Pretty confident, #MC uses the exception entry path which also handles
entry-stack and user-cr3 correctly. It might go through through the slow
paranoid exit path, but that's okay for #MC I guess.

And when the #MC happens while we switch to the task stack and do the
copying the same precautions as for NMI apply.

> > + */
> > +.macro SWITCH_TO_KERNEL_STACK
> > +
> > +    ALTERNATIVE     "", "jmp .Lend_\@", X86_FEATURE_XENPV
> > +
> > +    /* Are we on the entry stack?
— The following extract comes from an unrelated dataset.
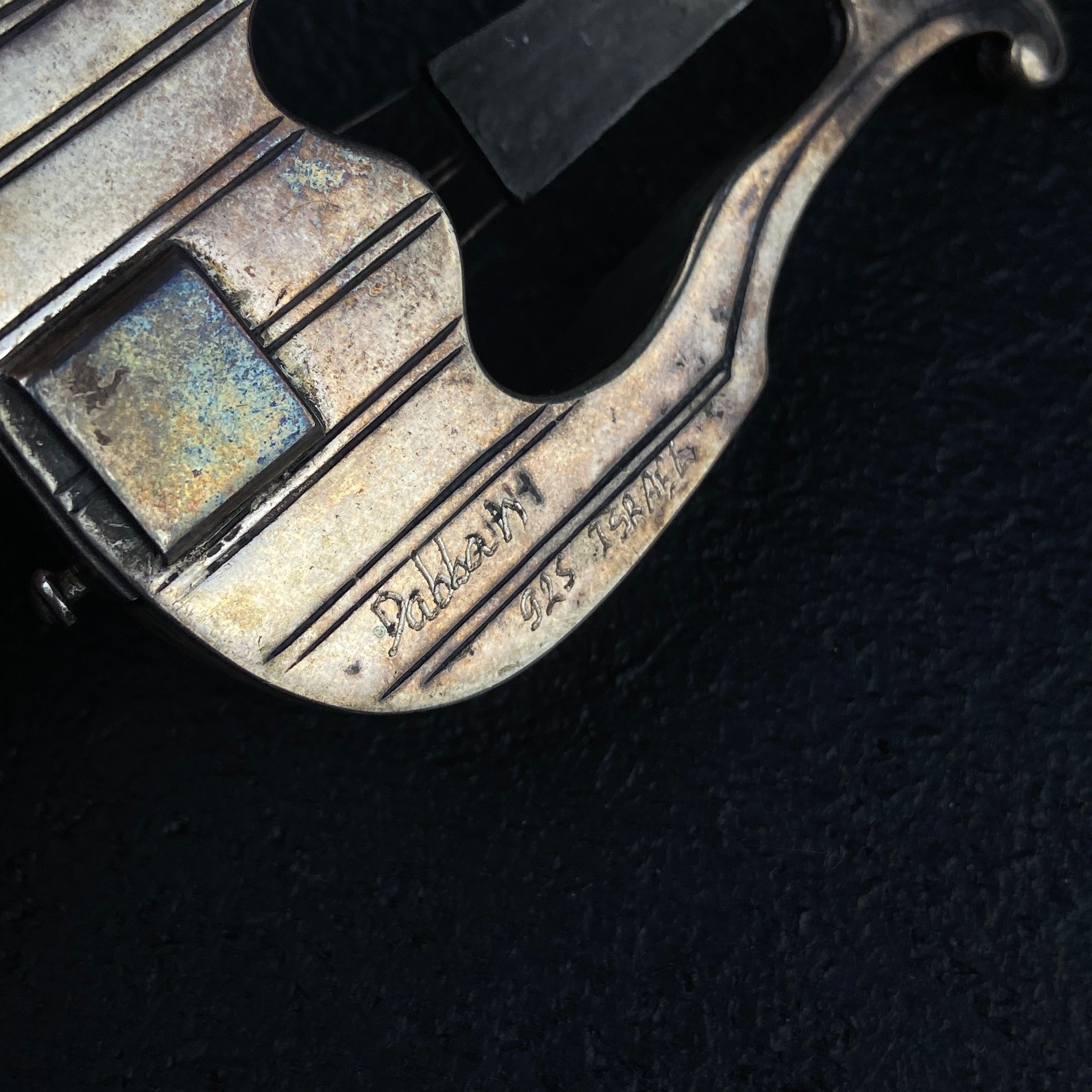 A miscellaneous collection of hallmarked silver items. Gross weight not including box: 243g. - Image 5 of 9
Bail out if not! */
> > +    movl    PER_CPU_VAR(cpu_entry_area), %edi
> > +    addl    $CPU_ENTRY_AREA_entry_stack, %edi
> > +    cmpl    %esp, %edi
> > +    jae    .Lend_\@
> 
> That’s an alarming assumption about the address space layout. How
> about an xor and an and instead of cmpl?  As it stands, if the address
> layout ever changes, the failure may be rather subtle.

Right, I implement a more restrictive check.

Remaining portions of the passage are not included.